Queda todavía en la memoria colectiva lo que en la joven democracia de 1990 protagonizó aquel cuerpo colegiado de verdugos de la democracia, traficantes de la justicia electoral y pioneros de lo que en los años posteriores se fue copiando para desgracia de Bolivia. La tristemente célebre banda de los cuatro, cuyos nombres pasamos por alto por una suerte de saludable digestión mental, ha sido precedente funesto del cuoteo que por aquellos años era práctica vil, pero normal. Mucho después, esa malsana forma de designar autoridades electorales migró a la imposición unilateral de un solo partido.

No propiamente en esa infeliz coyuntura, pero indudablemente a lo largo de nuestras alternancias con los gobiernos de facto, el MNR, que nadie con mediano criterio formado puede negar, fue hontanar de ilustres ideólogos y egregios pensadores que dieron lustre a la política boliviana, fue también escuela del fraude cuando el pueblo le negaba su apoyo. Pero fueron el MIR y la ADN los que protagonizaron uno de los escándalos más vergonzosos de aquellas elecciones, ya que en repulsivas componendas secaron los ríos de sangre que los separaban, para beneficiarse de las suciedades que en Sala Plena, sus ahijados, carcomían los incipientes cimientos de la democracia. Se juntaron agua y aceite.

Pero decíamos que ese conflicto de nuestras autoridades electorales con la ética, no es que en estas décadas que median entre esa impresentable Corte Nacional Electoral y el actual Tribunal Supremo Electoral, haya habido una pausa que dignifique su alta función. Las sombras de los administradores electorales (excepto, por cierto, de aquella Corte de notables de 1991), se vinieron replicando, con la composición en más de un caso, por personas sin mérito moral.

Y llegamos al actual Tribunal Supremo Electoral, del que recuerdo haber dicho en una nota anterior y no creo inmerecidamente, que aun debía dársele el beneficio de la duda respecto a su desempeño; es que era un tiempo en que nada sustancial estaba bajo su jurisdicción. Hoy estamos ante un escenario de convulsión social, de división entre bolivianos, de repugnancia por los desaciertos protagonizados por este tribunal, que no se reducen a unas cuestionadas elecciones generales.

El fraude se remonta a una decisión inconsulta de habilitar la candidatura de Evo Morales y Álvaro García Linera; a la determinación supina y obediente de gravar “el derecho humano” de candidatear, con la participación previa en elecciones primarias: a la permisión inaceptable de que unos hagan uso y abuso de bienes públicos para su campaña y a otros se les niegue el derecho natural de renunciar a sus candidaturas.

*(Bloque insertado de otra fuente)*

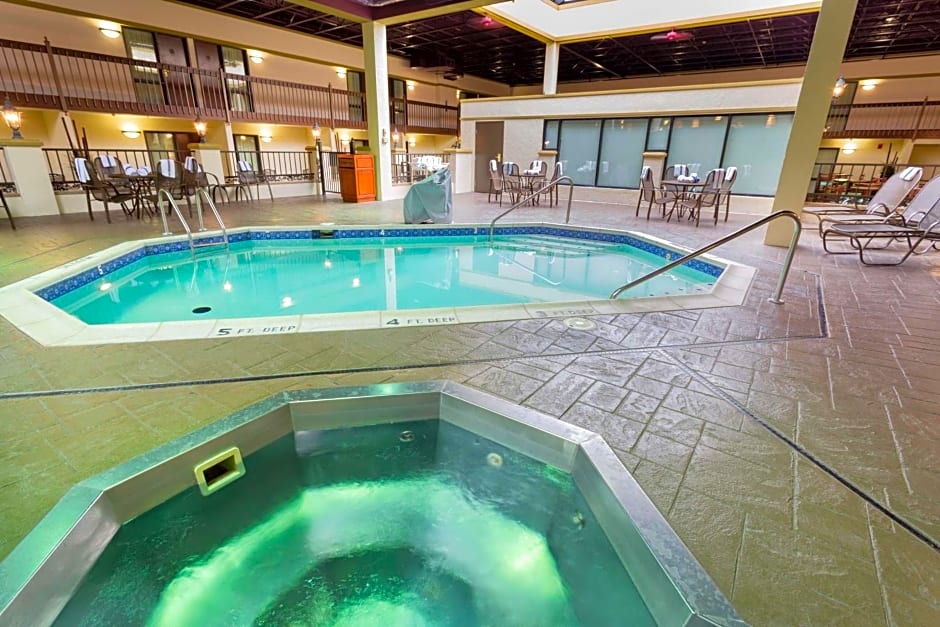 Pear Tree Inn St. Louis Convention Center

Luego, no se puede reducir la convicción de que estas últimas justas electorales sean el motivo único para considerar a los seis vocales como competidores de “la banda de los cuatro”. Y es que en esa siniestra carrera con sus homólogos de hace tantos años, pelean palmo a palmo el podio. No, no fue el 20 de octubre, el día del aplazo del TSE, su genuflexión al poder político data de hace mucho tiempo. Violadores de la ley y devotos de la ilegalidad, han herido de muerte nuestra democracia, la han mancillado tanto, que el honor de que ella es merecedora, tardará muchos años en recuperar. Han dividido al pueblo, han lacrado en sobre de hierro el derecho a elegir libremente; han legalizado lo absolutamente reñido con la ley, han menospreciado la inteligencia de un pueblo y matado las esperanzas de un segmento de la sociedad civil, progresivamente adulta-mayor, de ver a su país en un auténtico estado de derecho.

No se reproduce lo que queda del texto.